For the third time in the last four Thursdays, the natural gas futures market rallied higher following the release of surprisingly bullish storage news (164 Bcf withdrawal). And while bears are not ready to throw in the towel just yet, analysts and market-watchers agree that it is becoming easier to make the case that prices could move higher from current levels.

On its first day in the limelight as the Nymex prompt contract, April rebounded to fill in a nagging gap left on the chart from early December. However, once the initial excitement wore off, the market was free to drift lazily sideways Thursday. It closed at $5.391, up 17 cents for the session, and within striking distance of its $5.43 high for the session.

According to the Energy Information Administration, 164 Bcf was pulled from storage during the week ending Feb. 20, dropping inventories to 1,267 Bcf. Not only was the withdrawal deemed bullish versus the year-ago and five-year average volumes of 154 Bcf and 97 Bcf, respectively, it also was supportive versus the common 140-154 Bcf range of expectations. Storage now stands 253 Bcf above the year-ago level, down from a 263 Bcf surplus a week ago. Versus the five-year average, this year’s storage level is in a deficit situation, having reversed from a 163 Bcf surplus to a 163 Bcf shortfall over the past four weeks.

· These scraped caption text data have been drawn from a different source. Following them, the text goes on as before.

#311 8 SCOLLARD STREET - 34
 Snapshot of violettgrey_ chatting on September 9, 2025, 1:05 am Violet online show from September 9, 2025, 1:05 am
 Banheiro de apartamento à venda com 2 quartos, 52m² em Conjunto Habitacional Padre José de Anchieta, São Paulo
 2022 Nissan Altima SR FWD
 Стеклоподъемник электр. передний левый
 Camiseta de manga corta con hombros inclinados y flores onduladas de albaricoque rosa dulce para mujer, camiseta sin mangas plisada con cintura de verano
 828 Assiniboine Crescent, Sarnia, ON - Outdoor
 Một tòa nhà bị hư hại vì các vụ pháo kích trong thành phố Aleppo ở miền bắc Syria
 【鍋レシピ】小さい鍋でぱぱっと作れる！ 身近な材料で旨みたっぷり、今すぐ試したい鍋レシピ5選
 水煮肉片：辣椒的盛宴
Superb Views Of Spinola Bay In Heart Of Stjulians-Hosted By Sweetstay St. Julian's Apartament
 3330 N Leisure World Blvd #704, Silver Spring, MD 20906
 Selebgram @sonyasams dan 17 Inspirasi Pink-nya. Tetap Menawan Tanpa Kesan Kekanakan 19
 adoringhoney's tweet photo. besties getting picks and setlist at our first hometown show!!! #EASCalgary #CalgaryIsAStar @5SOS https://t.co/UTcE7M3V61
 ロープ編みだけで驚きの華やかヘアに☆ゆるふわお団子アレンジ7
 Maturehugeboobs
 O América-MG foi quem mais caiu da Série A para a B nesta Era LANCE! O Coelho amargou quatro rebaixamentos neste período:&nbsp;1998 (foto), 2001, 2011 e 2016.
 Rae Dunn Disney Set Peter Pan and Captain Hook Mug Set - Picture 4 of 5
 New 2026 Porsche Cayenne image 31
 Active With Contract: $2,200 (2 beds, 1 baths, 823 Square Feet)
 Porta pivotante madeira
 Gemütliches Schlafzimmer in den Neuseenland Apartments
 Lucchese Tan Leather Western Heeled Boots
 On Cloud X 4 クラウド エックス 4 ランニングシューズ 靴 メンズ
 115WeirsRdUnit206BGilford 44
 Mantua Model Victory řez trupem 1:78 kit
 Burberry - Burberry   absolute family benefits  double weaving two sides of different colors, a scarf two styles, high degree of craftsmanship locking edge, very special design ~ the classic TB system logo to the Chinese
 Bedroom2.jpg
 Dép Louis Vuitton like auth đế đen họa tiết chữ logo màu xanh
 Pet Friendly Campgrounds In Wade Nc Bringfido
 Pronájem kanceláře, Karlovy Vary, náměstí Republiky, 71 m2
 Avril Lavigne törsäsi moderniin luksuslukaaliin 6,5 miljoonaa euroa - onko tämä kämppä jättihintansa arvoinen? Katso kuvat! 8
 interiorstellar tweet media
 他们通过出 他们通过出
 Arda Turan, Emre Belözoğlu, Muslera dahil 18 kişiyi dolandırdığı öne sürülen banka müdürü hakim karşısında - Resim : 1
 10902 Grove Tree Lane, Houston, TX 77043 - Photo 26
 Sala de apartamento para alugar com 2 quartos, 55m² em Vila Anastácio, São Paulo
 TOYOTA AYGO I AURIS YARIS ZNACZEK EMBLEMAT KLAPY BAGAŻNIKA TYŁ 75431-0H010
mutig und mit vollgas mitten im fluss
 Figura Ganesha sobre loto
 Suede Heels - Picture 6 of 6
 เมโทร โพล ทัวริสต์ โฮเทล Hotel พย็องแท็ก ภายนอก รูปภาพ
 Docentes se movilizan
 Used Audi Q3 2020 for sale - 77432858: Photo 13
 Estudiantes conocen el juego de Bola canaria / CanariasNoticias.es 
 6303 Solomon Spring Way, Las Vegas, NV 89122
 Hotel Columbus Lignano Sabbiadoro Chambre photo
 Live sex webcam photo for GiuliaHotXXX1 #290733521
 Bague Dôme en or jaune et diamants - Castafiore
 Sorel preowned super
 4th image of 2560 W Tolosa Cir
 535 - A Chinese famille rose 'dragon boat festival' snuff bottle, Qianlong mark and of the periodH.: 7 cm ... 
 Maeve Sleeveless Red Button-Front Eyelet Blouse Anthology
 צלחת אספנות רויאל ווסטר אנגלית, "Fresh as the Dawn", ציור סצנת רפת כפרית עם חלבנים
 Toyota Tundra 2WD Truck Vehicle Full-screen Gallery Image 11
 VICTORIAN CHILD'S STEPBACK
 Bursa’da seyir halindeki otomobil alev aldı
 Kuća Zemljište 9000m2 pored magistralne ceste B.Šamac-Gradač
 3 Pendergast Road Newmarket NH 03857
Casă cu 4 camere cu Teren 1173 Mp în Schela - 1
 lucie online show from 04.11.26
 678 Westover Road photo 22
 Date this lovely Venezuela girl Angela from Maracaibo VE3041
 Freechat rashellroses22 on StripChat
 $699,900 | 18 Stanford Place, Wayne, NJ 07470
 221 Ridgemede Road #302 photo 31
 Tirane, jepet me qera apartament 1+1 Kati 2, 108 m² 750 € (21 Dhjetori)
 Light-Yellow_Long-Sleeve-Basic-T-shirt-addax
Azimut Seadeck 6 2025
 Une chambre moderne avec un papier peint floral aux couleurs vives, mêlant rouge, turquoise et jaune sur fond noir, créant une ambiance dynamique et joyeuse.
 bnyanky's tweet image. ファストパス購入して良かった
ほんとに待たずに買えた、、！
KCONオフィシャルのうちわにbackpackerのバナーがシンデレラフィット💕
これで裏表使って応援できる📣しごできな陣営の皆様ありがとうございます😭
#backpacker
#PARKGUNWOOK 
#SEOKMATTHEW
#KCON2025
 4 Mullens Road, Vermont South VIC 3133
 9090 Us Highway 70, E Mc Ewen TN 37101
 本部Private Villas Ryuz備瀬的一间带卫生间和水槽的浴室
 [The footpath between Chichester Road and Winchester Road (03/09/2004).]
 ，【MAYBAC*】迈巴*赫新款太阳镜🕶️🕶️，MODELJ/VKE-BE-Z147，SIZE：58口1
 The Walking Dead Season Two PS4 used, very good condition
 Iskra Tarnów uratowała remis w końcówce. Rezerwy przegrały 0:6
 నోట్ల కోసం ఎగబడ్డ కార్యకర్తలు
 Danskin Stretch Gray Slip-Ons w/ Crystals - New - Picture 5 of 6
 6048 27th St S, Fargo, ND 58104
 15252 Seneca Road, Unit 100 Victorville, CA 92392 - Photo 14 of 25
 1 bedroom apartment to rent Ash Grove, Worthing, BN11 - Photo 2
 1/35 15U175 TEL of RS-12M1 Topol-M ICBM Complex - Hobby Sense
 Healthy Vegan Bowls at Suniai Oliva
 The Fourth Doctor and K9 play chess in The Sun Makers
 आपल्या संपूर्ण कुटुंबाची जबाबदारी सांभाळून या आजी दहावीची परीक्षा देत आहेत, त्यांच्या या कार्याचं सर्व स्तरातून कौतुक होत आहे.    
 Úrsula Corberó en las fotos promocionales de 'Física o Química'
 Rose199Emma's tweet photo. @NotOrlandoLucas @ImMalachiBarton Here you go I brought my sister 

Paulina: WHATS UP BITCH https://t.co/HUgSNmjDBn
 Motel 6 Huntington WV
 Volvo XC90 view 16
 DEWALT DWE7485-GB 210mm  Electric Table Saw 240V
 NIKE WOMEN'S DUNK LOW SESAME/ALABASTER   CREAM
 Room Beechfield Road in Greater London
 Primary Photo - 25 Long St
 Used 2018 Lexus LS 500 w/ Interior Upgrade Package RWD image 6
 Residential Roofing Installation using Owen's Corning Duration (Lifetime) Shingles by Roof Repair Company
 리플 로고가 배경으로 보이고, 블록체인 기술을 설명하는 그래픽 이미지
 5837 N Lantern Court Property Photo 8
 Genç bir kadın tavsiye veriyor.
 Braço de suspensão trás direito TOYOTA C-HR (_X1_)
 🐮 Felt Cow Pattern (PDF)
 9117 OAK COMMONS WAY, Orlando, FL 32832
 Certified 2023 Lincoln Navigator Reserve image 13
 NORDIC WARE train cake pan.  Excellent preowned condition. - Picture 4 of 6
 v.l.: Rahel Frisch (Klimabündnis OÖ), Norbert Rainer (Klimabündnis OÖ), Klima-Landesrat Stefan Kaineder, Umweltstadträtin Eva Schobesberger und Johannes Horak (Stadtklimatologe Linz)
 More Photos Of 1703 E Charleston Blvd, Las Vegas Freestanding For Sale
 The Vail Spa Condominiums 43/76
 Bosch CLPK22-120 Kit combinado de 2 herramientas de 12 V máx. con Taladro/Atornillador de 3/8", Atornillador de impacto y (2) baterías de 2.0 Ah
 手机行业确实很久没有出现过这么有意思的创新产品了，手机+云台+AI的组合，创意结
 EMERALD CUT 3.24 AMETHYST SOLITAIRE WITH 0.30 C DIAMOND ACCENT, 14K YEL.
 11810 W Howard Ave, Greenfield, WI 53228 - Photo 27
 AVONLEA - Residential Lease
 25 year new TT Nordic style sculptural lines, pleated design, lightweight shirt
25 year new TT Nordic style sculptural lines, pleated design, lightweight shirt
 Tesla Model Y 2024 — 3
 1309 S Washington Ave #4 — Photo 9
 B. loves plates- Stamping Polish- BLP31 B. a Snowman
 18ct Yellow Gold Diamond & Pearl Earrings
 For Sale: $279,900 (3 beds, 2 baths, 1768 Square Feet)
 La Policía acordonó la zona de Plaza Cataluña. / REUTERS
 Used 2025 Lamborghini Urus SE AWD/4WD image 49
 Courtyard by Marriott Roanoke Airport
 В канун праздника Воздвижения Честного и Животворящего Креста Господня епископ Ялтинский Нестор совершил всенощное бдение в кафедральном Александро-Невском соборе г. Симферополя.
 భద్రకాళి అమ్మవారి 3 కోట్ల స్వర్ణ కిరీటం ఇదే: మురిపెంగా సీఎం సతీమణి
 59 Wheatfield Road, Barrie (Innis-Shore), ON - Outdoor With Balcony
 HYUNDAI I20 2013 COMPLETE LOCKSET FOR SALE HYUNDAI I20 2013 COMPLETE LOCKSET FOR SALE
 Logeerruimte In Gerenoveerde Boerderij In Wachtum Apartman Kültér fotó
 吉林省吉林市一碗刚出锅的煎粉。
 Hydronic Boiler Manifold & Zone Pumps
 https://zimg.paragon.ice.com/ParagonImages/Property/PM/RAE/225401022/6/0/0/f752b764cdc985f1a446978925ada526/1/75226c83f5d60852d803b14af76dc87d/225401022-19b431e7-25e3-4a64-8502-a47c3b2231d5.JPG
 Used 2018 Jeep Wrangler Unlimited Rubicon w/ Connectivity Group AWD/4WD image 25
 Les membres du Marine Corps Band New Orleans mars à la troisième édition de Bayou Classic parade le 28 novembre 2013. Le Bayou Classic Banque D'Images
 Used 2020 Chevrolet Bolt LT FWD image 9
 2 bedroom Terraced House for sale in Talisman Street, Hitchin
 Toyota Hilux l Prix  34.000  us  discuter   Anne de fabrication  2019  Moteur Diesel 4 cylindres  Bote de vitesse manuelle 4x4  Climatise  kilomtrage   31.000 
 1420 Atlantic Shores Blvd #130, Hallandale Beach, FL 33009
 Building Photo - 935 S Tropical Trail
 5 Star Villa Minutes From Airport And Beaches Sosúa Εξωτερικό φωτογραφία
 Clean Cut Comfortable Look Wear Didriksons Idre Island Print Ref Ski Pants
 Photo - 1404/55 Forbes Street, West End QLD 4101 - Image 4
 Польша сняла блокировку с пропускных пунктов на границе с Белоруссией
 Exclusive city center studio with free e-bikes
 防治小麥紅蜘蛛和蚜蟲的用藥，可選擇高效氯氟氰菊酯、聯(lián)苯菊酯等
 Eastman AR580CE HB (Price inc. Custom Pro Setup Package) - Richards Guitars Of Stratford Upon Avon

“The 164 Bcf withdrawal was a surprise,” noted George Leide of Rafferty Technical Research. “We were in line with other estimates in calling for a 146 Bcf withdrawal…For whatever reason, the market has not done a good job of predicting the storage number over the last several weeks,” he said, referring to the tendency for the actual withdrawal figure to surpass the estimates.

Ron Barone of UBS agreed, adding that large storage withdrawals could be a sign that the market is expecting lower prices in the month of March. “Assuming the 164 Bcf is not a ‘lumpy figure’ the higher-than-expected withdrawal could be the result of lagged incremental demand post the ongoing decline in cash prices.” Another factor, Barone continued, is the seasonal cycling of storage by operators tied to ratchet provisions specified in their storage contracts.

The market responded to the bullish news with conviction Thursday and gained 22 cents in 30 minutes to top out at $5.43 at 11 a.m. EST. “The market held Wednesday where it needed to hold,” Leide continued. “Support was layered in at stand-out lows put in before the breakout.” Specifically, he pointed to the coincidence of the $5.06 low notched on the daily continuation chart on Dec. 1 and then again Wednesday.

After the 30-minute buying frenzy, the market quieted considerably, giving market-watchers time to catch their breath and contemplate the next price change. Although he is eager to take long profits moves above the $5.42 level, Leide is also mindful that a break above $5.51 could nullify the bear trend. “We have a head and shoulders top on the April chart. As long as we do not break above [the neckline] at $5.51, this remains a bearish pattern….We saw a nice rally earlier and are happy to take some profits here.”